The first-order sensitivity index and total effect index is given for a sensitivity analysis of 2, 000 runs for 20 parameters. The output function considered is the probability of Campylobacter going extinct within the flock based on the given parameter set.

Specifically, our objective function will run the stochastic model for a flock of chickens with the random parameter set drawn. If this model run results in no Campylobacter being present in the flock, it is considered to have successfully eliminated infection. The model is run 20 times with this parameter set, and the proportion of these 20 runs that results in an elimination of Campylobacter is the final output value, the “probability of flock clearing infection.”

Note that some of the values in Table 2 are negative, despite Si and STi being limited to being between zero and one. This is due to the computational error in estimating the value, however the ordering of parameters for these particular runs will not be affected by this error. Table 2 shows that the STi values associated with most parameters ranges between 0 and 0.1. The “most important” parameters however have a wider spread of associated STi values.

The main result from this analysis is that the growth, death and inhibition rates of the other bacteria present in a broiler's gut (parameters r2, d2, and βC) collectively carry the largest impact in eliminating Campylobacter from a flock. As such, we can begin to consider which preventative methods could best take advantage of this heightened sensitivity.

5. Discussion

Here, we have investigated the dynamics of Campylobacter across a range of model applications. Our framework reveals several key dynamics of microbial interaction that explain many experimentally observed phenomena. This presents promising new approaches to understanding and tackling this bacteria.

First, the most apparent prediction is that the Campylobacter population is successfully suppressed by the innate maternal antibodies (an experimentally observed phenomenon; Connerton et al., 2018), until these antibodies are eventually removed from the system. At this point an initial surge in the population of Campylobacter is observed, before it comes to rest at a lower level, reaching an equilibrium with the broiler's immune-response. This can be seen in all of the above figures, but most clearly in Figure 1. This initial surge creates an interesting opportunity for certain strains of Campylobacter to emerge as an early dominating strain. Figure 5B shows that, due to the antibacterial properties of a broiler's maternal antibodies, any strains that infect a broiler early on in its lifespan will be heavily inhibited. This creates a brief window at the point in which maternal antibodies have depleted, whereby any new strain introduced is observed to quickly colonize and dominate the gut flora, suppressing other strains (see Figure 10C). This hypothesis has been verified experimentally (Connerton et al., 2018).

The proposition of damped oscillations between Campylobacter population size and the host's immune-response is better reinforced by observations that host antibody populations will also oscillate in birds infected with Campylobacter (Cawthraw et al., 1994). This basic interaction has been experimentally observed by Achen et al. (1998), with a high degree of variability between birds. This variability is better captured by the stochastic model, as shown in Figure 6. Indeed, many birds in Achen et al.'s study are shown to clear Campylobacter successfully from their system, a result rarely observed on commercial broiler farms. Likewise this result was only observed in the model case of individual, isolated broilers (see Figure 6D).
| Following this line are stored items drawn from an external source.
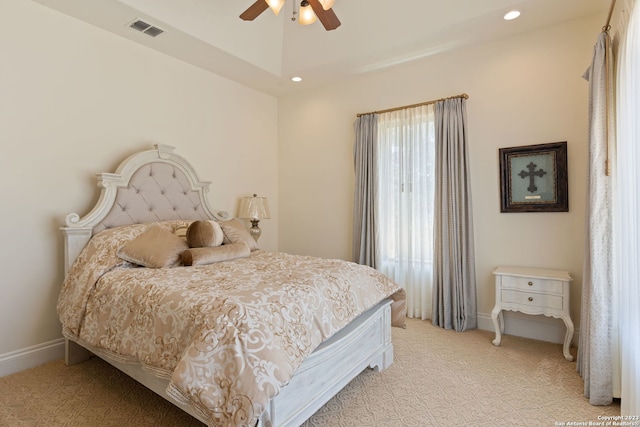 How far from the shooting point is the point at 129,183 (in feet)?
9.42

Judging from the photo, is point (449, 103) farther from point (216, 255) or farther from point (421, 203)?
point (216, 255)

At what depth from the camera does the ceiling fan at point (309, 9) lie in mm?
2285

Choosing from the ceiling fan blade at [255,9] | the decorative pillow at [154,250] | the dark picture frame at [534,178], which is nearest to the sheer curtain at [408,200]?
the dark picture frame at [534,178]

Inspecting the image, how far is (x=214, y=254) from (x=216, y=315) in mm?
1158

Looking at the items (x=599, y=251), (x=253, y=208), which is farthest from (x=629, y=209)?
(x=253, y=208)

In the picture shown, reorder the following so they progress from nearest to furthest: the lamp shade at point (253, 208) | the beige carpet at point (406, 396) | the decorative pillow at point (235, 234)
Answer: the beige carpet at point (406, 396), the decorative pillow at point (235, 234), the lamp shade at point (253, 208)

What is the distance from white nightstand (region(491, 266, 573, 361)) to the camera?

Most important is the mechanism observed in Figure 7, where the broad spectrum of oscillatory behavior observed within a broiler is greatly reduced in a large flock of birds. Indeed the vast examples of individual dynamics observed in Figure 6, large oscillations and perhaps extinctions, are completely replaced by the same, homogenized dynamics seen within flock-reared birds in Figures 7A,B, as the populations of Campylobacter within each bird are consistently reinforced by the amount of Campylobacter in the environment. The wealth of experiments in monitoring flock Campylobacter expression for varying flock sizes means this effect can be observed taking place across multiple experiments of different flock magnitudes and densities. Morishita et al. (1997) measured the amount of Campylobacter in a flock of thirty birds in a sizeable pen. This flock was small enough to observe oscillating behavior in the prevalence of Campylobacter, and yet there do not appear to be any clear cases of birds being able to clear the bacteria from their system. Stern N.J. et al. (2001) experimented with flocks of 70 birds at a density of 15.4 birds/m2. A small cyclic pattern is observable in their results but there are clearly far higher incidence rates. Lastly, Van Gerwe et al. (2005) studied flocks of 400 birds housed at 20 birds/m2 (the same density considered in the above flock modeling), where now no cyclic patterns can be observed, and all birds quickly reach a constant state of Campylobacter expression. This effect is seen in Figure 7, and almost always observed in commercial farms (Stern et al., 1995; Evans and Sayers, 2000). Our work presented here is the first, to our knowledge, to be able to propose a mechanistic explanation for this observed effect, namely that the housing density of reared flocks is correlated to Campylobacter prevalence.

This dynamic, whereby broilers are consistently infected with Campylobacter due to highly contaminated living space, can also explain the observed phenomena whereby broiler breeder flocks (flocks kept for the breeding of meat birds) display a consistently lower Campylobacter prevalence rate than commercial broiler flocks (Colles et al., 2011). Breeder birds will regularly move between periods of testing positive and negative for Campylobacter, inconsistently with the state of other birds in the flock, unlike the much younger birds grown for meat which remain consistently positive. Our case studies suggest that this may be due to the lower stocking density afforded to breeder birds, as it would appear the route of infection between breeder birds is weaker than that between broilers. Our sensitivity analysis however also highlighted that the gut flora can have a strong impact on the survival of Campylobacter. The differences in diet and management practice for breeder birds likely results in a different variety of bacterial colonies to broilers, which could also be a cause of the differences seen between breeders and broilers in Campylobacter expression.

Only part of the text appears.